AD: You told me even going even further back, and this is some real deep dish Aquarium Drunkard stuff here: Your very first interview was Dave Matthews.

Justin Gage:  Yeah. The first “real” musician I ever interviewed was a month into my freshman year of college. I interviewed Dave Matthews after a show at a bar. They didn’t even have a record deal yet. They had a self released CD at the time that they sold out of the back of their truck called, Remember Two Things. That was just a grassroots effort. That was grassroots, indie. This guy was playing bars and frat houses and up and down the East Coast down to the southeast. I was a freshman in college, 18 years old, had no idea what I was doing, and he was incredibly cool and gracious. Should I ever run into him again I’ll have to shake his hand and thank him for being so gracious to a very green writer and interviewer. 

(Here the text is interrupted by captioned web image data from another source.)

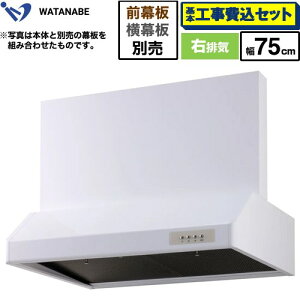 yHZbgii{{Hjz [WFS-75AW] ^Wt[h nӐ쏊 Wt[h VbRt@ ErC 75cm zCg ʔ yyVtH[F菤iz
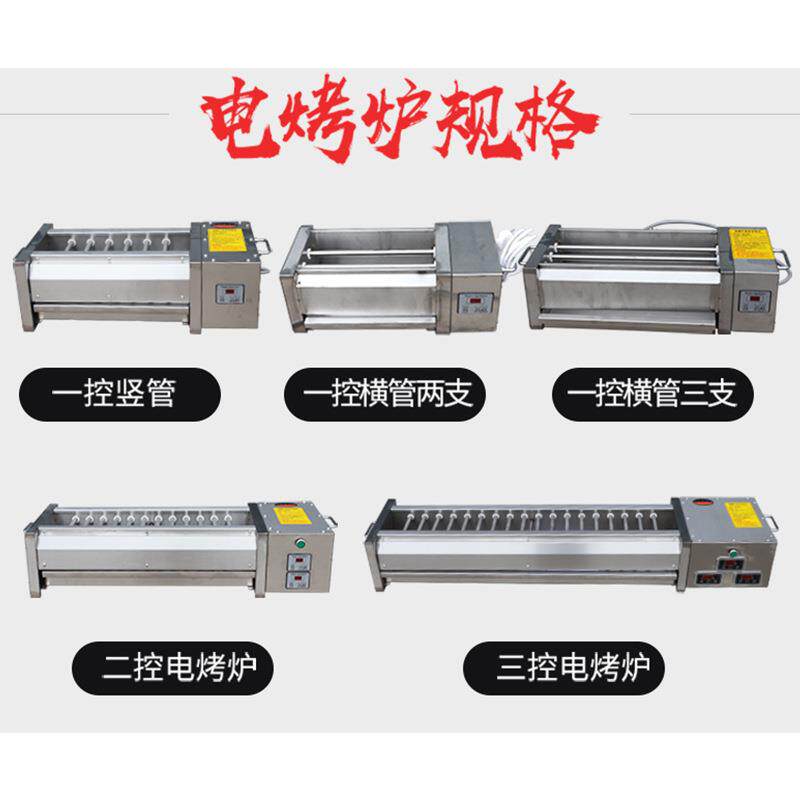 商用无烟28烟电烧炉不锈烤钢电烤架烧多功能烤串炉无电热烧烤炉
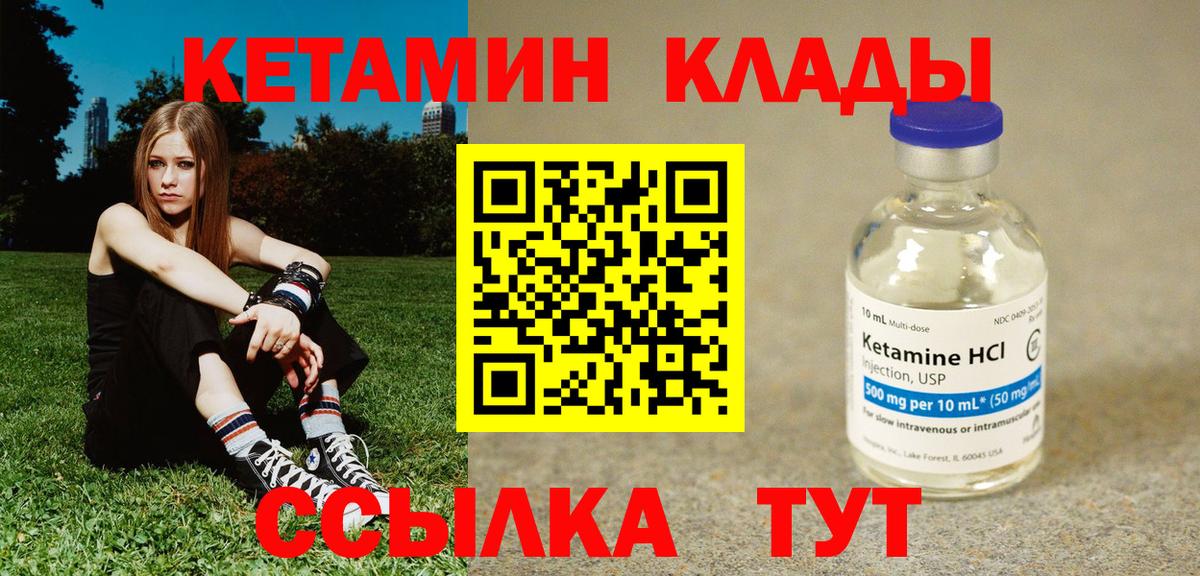КЕТАМИН VHQ Ликино-Дулёво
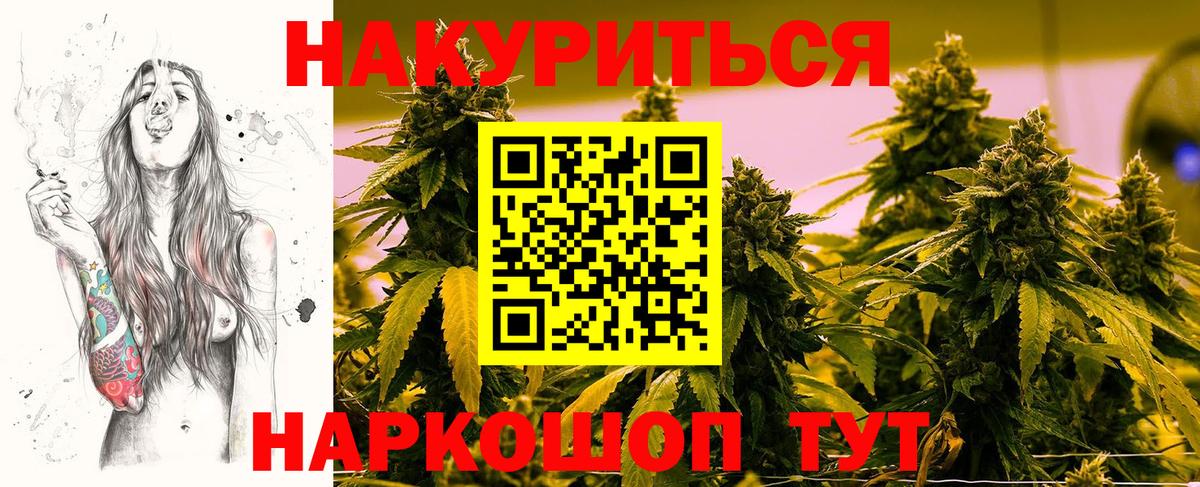 Невинномысск  Конопля LSD WEED  Шишки марихуана ГИДРОПОН  Вход с VPN  Канабис марихуана  Бошки марихуана ГИДРОПОН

AD: That brings to mind something Aquarium Drunkard is I would say that our genre sort of agnosticism has always been a part of the Aquarium Drunkard ethos as well. Which is to say that even though there are certainly genres you could associate with the sort of typical whatever that means, typical Aquarium Drunkard thing. Sure. Those sort of things exist. You could talk about solo acoustic guitar type stuff, Fahey school. That’s a big part of it. A lot of that comes from Tyler Wilcox, who is somebody who contributes and has a real ear for that myself as well, a little bit of that. But then there’s jazz, there’s ECM, there’s ‘80s Van Morrison, whatever.

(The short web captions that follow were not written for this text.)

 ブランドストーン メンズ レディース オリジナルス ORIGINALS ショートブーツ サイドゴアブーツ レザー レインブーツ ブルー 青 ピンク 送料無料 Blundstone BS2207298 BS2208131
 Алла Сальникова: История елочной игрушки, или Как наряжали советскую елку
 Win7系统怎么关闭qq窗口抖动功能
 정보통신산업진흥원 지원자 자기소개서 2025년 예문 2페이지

But the idea is it’s not really stuck to one sound. And there’s almost like, I think if you look through the archives, there’s enough variation that you can sort of find explorations of every kind of music within the ad ecosystem. It’s almost like there’s an AD lens through which to view a lot of different sounds. But that said, you’re also somebody who it has to hit in a certain sense before it’s even really considered for the site. Do you know what I mean?

Justin Gage: Sure, yeah. I mean, thinking about 20 years ago when the site launched, when I go back and I look at some of the archives… it is kind of fascinating looking at your back pages, right? Because you forget things about yourself. But I see a guy who was in his twenties, like this expat Southerner from Atlanta who had moved to California. I think I’d been here three or four years at the time. And I had developed this great appreciation for southern musical traditions in a way that when I lived in the South, growing up in the South, going to college in Athens in the South, I had, if not shunned, just not paid attention to, even though it was all around me.

And then having this physical and cultural shift, I was able to view this entire world of music through a very different lens. So I think, again, the beginning of Aquarium Drunkard, a lot of it was just me, kind of recontextualizing a lot of music that I had grown up with. 

AD: We’re talking blues stuff?

Justin Gage: Old folk, the Carter family, just all sorts of folk country blues adjacent. And then my dad had…he was a sound hound…he had a massive record collection. And as things went on, I was like, oh, my dad was playing Ethiopian jazz when I was 10 years old, not even recognizing it. Or you had mentioned the ECM label a minute ago, and later, looking through my dad’s collection and him having 20 ECM records from the 1970s and eighties and when I was younger, and me just not paying attention, while flipping through his stuff, looking for a Beatles record when I was 14 or whatever.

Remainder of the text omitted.